Carry none of the pictures over; write out the complete data exactly.

● **Supplied data**:

- - -

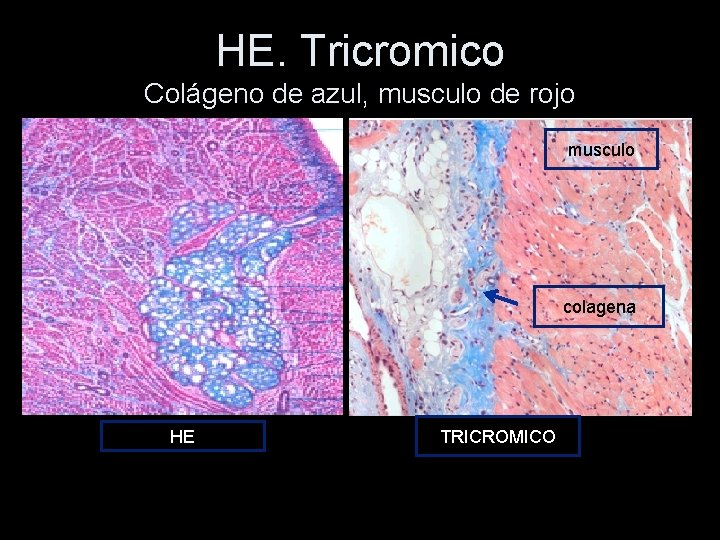 HE. Tricromico Colágeno de azul, musculo de rojo musculo colagena HE TRICROMICO 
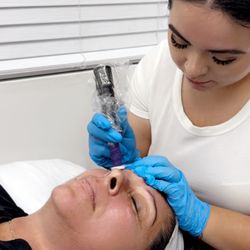 Glass Skin Aesthetics - I was doing a micro-channeling treatment on my beautiful client.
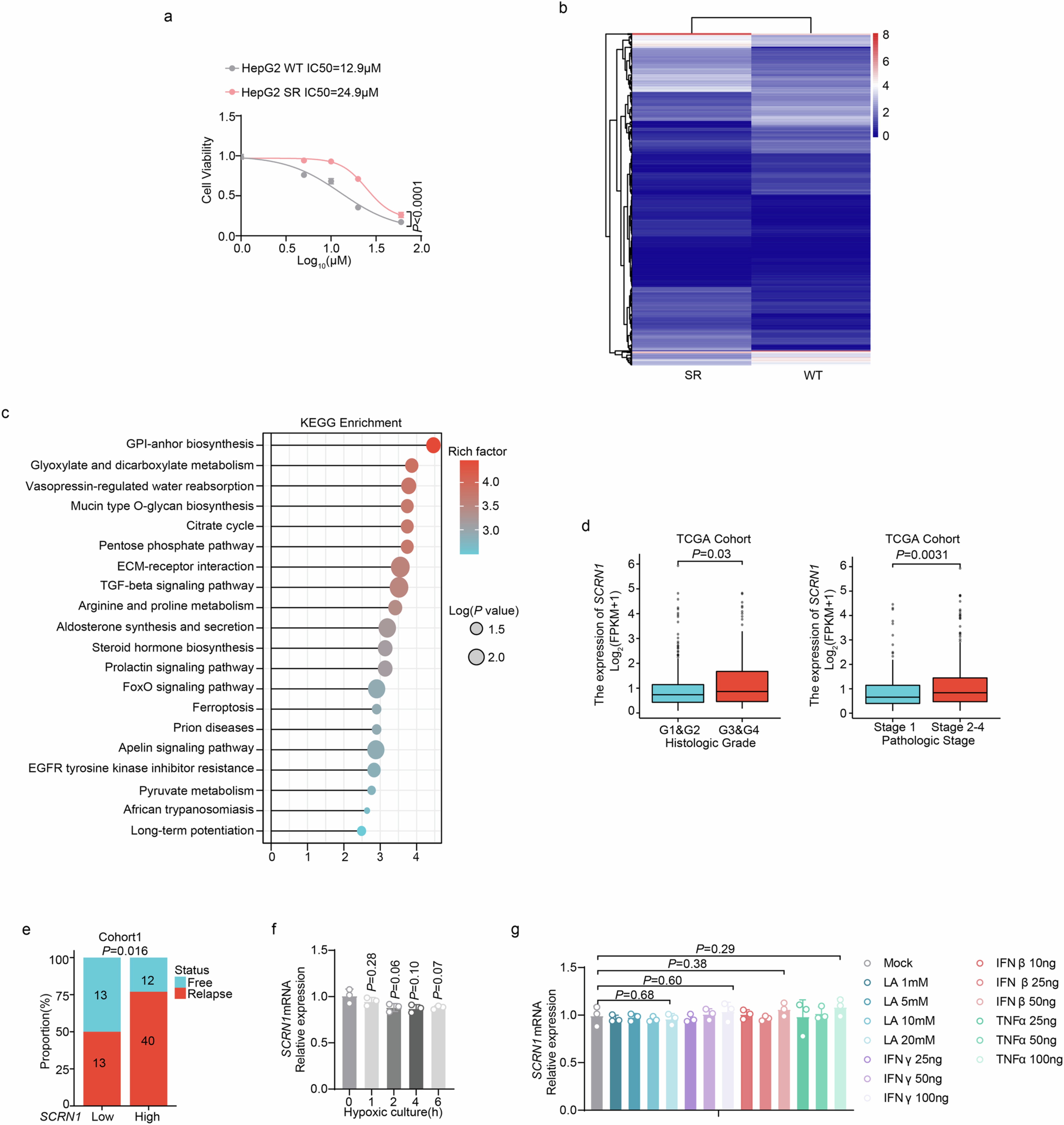 Extended Data Fig. 1: SCRN1 is associated with sorafenib resistance and unfavorable prognosis in HCC patients.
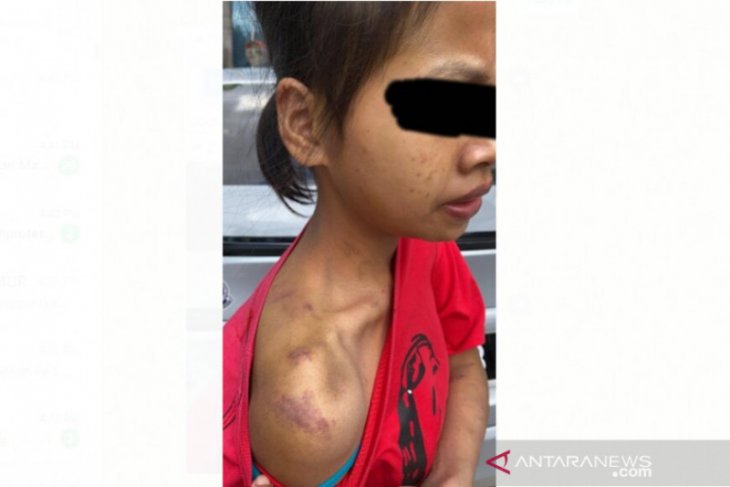Polisi Malaysia tangkap dua orang penyiksa PRT WNI
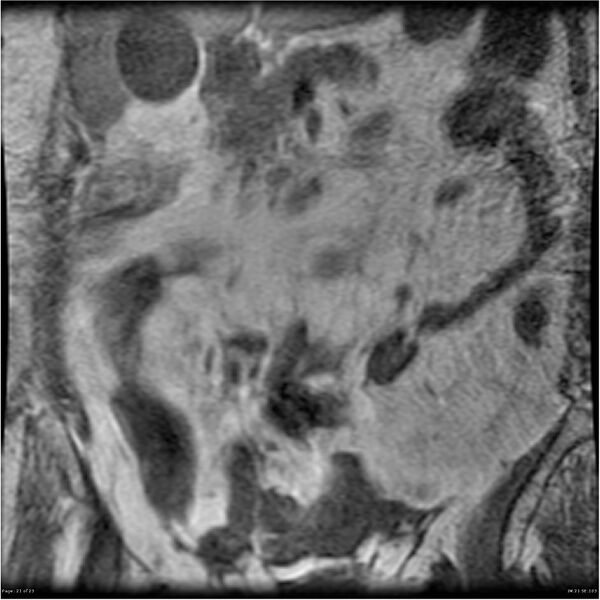 File:Bilateral psoas hematomas (Radiopaedia 24057-24280 B 21).jpg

- - -

● **Result of this task**:
 HE. Tricromico Colágeno de azul, musculo de rojo musculo colagena HE TRICROMICO 
 Glass Skin Aesthetics - I was doing a micro-channeling treatment on my beautiful client.
 Extended Data Fig. 1: SCRN1 is associated with sorafenib resistance and unfavorable prognosis in HCC patients.
Polisi Malaysia tangkap dua orang penyiksa PRT WNI
 File:Bilateral psoas hematomas (Radiopaedia 24057-24280 B 21).jpg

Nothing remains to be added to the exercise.